YOUR TASK
Quote exactly the lines from the start of the entries to the one with "Siyah Comfort Fit Örme Hırka", both ends included.

===== SOURCE MATERIAL

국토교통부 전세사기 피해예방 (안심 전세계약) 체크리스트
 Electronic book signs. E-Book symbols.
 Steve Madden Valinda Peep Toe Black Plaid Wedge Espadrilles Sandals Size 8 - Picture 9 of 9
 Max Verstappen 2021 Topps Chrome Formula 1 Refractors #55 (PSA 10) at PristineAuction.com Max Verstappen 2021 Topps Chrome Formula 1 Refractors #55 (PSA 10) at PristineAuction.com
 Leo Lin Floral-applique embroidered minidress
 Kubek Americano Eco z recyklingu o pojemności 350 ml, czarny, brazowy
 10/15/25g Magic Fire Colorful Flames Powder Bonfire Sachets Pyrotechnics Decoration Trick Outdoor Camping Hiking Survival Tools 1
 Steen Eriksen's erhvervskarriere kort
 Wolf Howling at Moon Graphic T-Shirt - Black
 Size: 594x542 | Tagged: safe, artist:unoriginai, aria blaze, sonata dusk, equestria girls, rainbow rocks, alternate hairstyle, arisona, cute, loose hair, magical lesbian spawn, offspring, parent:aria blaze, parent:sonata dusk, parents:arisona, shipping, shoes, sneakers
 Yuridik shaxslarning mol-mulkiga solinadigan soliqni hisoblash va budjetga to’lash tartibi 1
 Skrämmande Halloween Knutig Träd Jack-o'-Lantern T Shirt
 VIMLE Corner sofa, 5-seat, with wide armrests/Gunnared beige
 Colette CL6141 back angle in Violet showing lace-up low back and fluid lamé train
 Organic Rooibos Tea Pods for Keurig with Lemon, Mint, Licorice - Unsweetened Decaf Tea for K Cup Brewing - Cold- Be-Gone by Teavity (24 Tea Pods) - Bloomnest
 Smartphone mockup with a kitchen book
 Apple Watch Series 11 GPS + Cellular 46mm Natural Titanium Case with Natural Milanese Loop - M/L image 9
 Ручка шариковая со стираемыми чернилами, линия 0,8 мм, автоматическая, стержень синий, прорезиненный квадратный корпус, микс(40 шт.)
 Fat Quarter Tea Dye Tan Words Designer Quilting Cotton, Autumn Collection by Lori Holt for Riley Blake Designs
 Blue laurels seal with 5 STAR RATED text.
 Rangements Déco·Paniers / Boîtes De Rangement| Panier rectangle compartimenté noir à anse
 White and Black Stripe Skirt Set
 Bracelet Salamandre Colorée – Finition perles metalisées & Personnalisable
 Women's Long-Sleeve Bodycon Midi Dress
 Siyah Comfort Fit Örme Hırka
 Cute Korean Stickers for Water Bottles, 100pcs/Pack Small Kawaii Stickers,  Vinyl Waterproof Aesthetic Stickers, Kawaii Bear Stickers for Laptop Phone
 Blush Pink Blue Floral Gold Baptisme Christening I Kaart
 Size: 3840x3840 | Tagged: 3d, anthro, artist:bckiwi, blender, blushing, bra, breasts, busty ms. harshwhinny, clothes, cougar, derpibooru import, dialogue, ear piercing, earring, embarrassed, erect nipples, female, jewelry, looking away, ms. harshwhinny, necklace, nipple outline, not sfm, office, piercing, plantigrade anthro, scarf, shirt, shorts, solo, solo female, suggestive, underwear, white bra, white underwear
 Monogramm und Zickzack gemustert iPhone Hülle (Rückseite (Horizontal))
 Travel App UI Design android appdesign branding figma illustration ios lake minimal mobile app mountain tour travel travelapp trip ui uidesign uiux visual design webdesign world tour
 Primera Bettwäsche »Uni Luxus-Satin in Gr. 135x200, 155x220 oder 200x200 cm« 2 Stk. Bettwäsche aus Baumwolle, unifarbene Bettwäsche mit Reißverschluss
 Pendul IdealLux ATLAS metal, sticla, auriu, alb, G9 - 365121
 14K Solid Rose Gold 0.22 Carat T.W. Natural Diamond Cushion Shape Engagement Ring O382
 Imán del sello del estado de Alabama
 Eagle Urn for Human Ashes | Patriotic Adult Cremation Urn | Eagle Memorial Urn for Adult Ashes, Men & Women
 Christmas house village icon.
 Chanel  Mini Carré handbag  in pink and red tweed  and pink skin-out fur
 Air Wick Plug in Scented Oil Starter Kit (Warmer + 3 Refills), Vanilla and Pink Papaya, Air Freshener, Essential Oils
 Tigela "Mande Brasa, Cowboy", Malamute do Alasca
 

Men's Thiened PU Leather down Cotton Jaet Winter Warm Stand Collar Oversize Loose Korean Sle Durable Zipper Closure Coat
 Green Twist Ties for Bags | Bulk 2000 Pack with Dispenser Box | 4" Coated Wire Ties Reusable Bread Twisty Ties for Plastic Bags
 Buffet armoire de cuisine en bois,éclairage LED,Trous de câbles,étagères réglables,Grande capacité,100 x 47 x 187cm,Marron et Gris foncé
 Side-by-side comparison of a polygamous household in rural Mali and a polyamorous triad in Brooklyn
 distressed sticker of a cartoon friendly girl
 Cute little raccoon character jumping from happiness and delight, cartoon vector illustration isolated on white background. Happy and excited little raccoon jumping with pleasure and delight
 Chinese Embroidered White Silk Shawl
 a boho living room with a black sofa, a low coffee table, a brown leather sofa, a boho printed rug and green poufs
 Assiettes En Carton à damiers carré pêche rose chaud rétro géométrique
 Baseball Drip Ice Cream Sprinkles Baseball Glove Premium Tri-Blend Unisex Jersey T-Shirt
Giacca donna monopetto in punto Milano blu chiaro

==========

OUTPUT OF THE TASK
국토교통부 전세사기 피해예방 (안심 전세계약) 체크리스트
 Electronic book signs. E-Book symbols.
 Steve Madden Valinda Peep Toe Black Plaid Wedge Espadrilles Sandals Size 8 - Picture 9 of 9
 Max Verstappen 2021 Topps Chrome Formula 1 Refractors #55 (PSA 10) at PristineAuction.com Max Verstappen 2021 Topps Chrome Formula 1 Refractors #55 (PSA 10) at PristineAuction.com
 Leo Lin Floral-applique embroidered minidress
 Kubek Americano Eco z recyklingu o pojemności 350 ml, czarny, brazowy
 10/15/25g Magic Fire Colorful Flames Powder Bonfire Sachets Pyrotechnics Decoration Trick Outdoor Camping Hiking Survival Tools 1
 Steen Eriksen's erhvervskarriere kort
 Wolf Howling at Moon Graphic T-Shirt - Black
 Size: 594x542 | Tagged: safe, artist:unoriginai, aria blaze, sonata dusk, equestria girls, rainbow rocks, alternate hairstyle, arisona, cute, loose hair, magical lesbian spawn, offspring, parent:aria blaze, parent:sonata dusk, parents:arisona, shipping, shoes, sneakers
 Yuridik shaxslarning mol-mulkiga solinadigan soliqni hisoblash va budjetga to’lash tartibi 1
 Skrämmande Halloween Knutig Träd Jack-o'-Lantern T Shirt
 VIMLE Corner sofa, 5-seat, with wide armrests/Gunnared beige
 Colette CL6141 back angle in Violet showing lace-up low back and fluid lamé train
 Organic Rooibos Tea Pods for Keurig with Lemon, Mint, Licorice - Unsweetened Decaf Tea for K Cup Brewing - Cold- Be-Gone by Teavity (24 Tea Pods) - Bloomnest
 Smartphone mockup with a kitchen book
 Apple Watch Series 11 GPS + Cellular 46mm Natural Titanium Case with Natural Milanese Loop - M/L image 9
 Ручка шариковая со стираемыми чернилами, линия 0,8 мм, автоматическая, стержень синий, прорезиненный квадратный корпус, микс(40 шт.)
 Fat Quarter Tea Dye Tan Words Designer Quilting Cotton, Autumn Collection by Lori Holt for Riley Blake Designs
 Blue laurels seal with 5 STAR RATED text.
 Rangements Déco·Paniers / Boîtes De Rangement| Panier rectangle compartimenté noir à anse
 White and Black Stripe Skirt Set
 Bracelet Salamandre Colorée – Finition perles metalisées & Personnalisable
 Women's Long-Sleeve Bodycon Midi Dress
 Siyah Comfort Fit Örme Hırka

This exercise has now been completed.